Bohemian noble family

The Bohemian Poděbrady family (Páni z Poděbrad) was a noble lineage in Bohemia, originating from the Lords of Kunštát. After Boček of Kunštát (d. 1373) obtained the Lordship of Poděbrady through marriage, he styled himself "Boček of Kunštát and Poděbrady."
The most prominent member of the family was George of Poděbrady, king of Bohemia. His sons were elevated to imperial counts and Counts of Glatz, and established the Silesian branch of the family, the Dukes of Münsterberg (Knížata z Minsterberka).

== History ==
Among the members of Poděbrady and Münsterberg branches of the family were some of the most important political figures in the Kingdom of Bohemia in the 14th through 17th century. Among their possessions were Poděbrady in central Bohemia and the eastern Bohemian dominions Litice Castle and Hummel and parts of the territory of the former monasteries at Opatovice and Pardubice.

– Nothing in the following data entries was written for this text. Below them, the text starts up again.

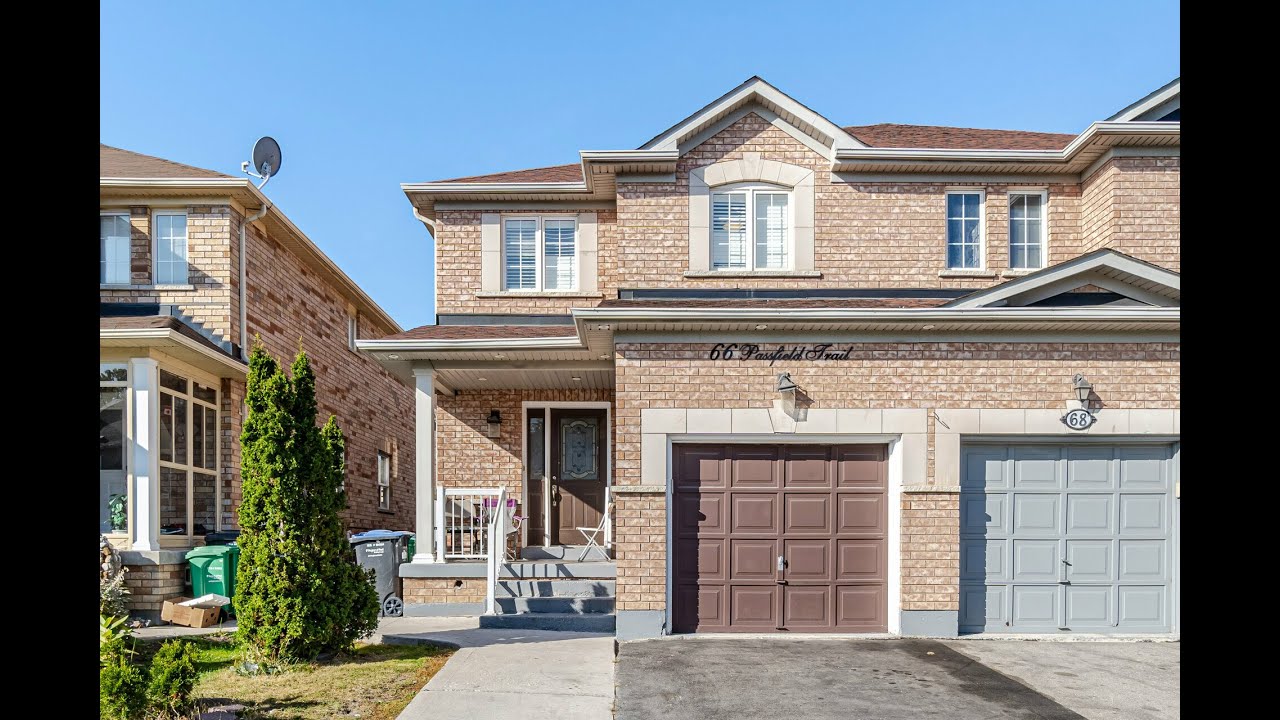 66 Passfield Trail, Brampton Home - Real Estate Properties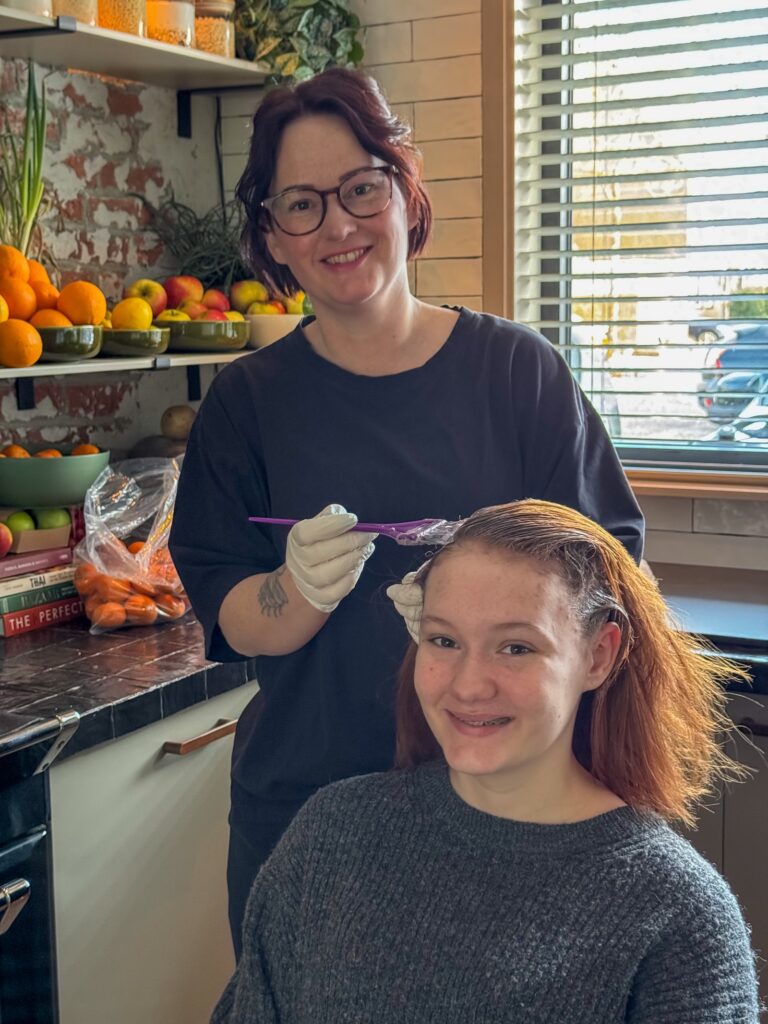 Thuis bij familie over de kook: week 5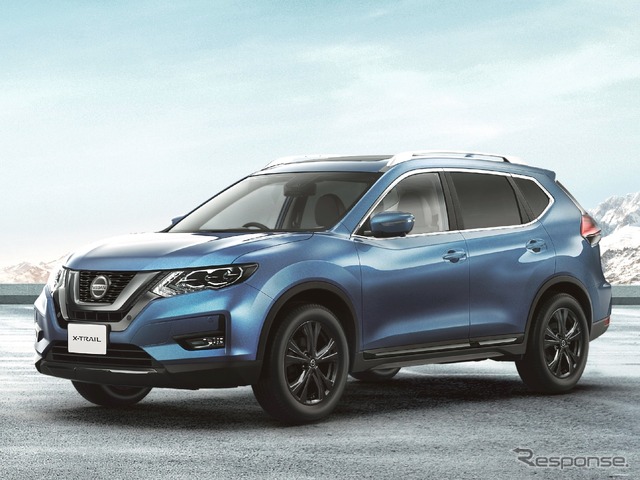 日産ローグ現行(日本向け)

After the death of Hynek Krušina of Lichtenburg, Lord of Glatz in 1454, George of Poděbrady acquired most of the possessions Hynek left behind, under a preliminary contract Hynek had signed shortly before his death. These included the Častolovice inheritance, which included the Lordship of Glatz, which George raised to a county in 1459. In 1456, he bought the Duchy of Münsterberg from Ernest of Opava. This gave him significant influence in Silesia, which would provide the political and economic basis for his descendants. They founded as Dukes of Münsterberg, Oels, Bernstadt and Opava the Silesian branch of the family known in Czech as Paní z Poděbrad a Minsterberka. Even after they lost the Duchy of Münsterberg and sold the County of Glatz in 1501, the Silesian branch of the family continued to call themselves "Duke of Münsterberg" and "Count of Glatz" until the branch died out in 1647.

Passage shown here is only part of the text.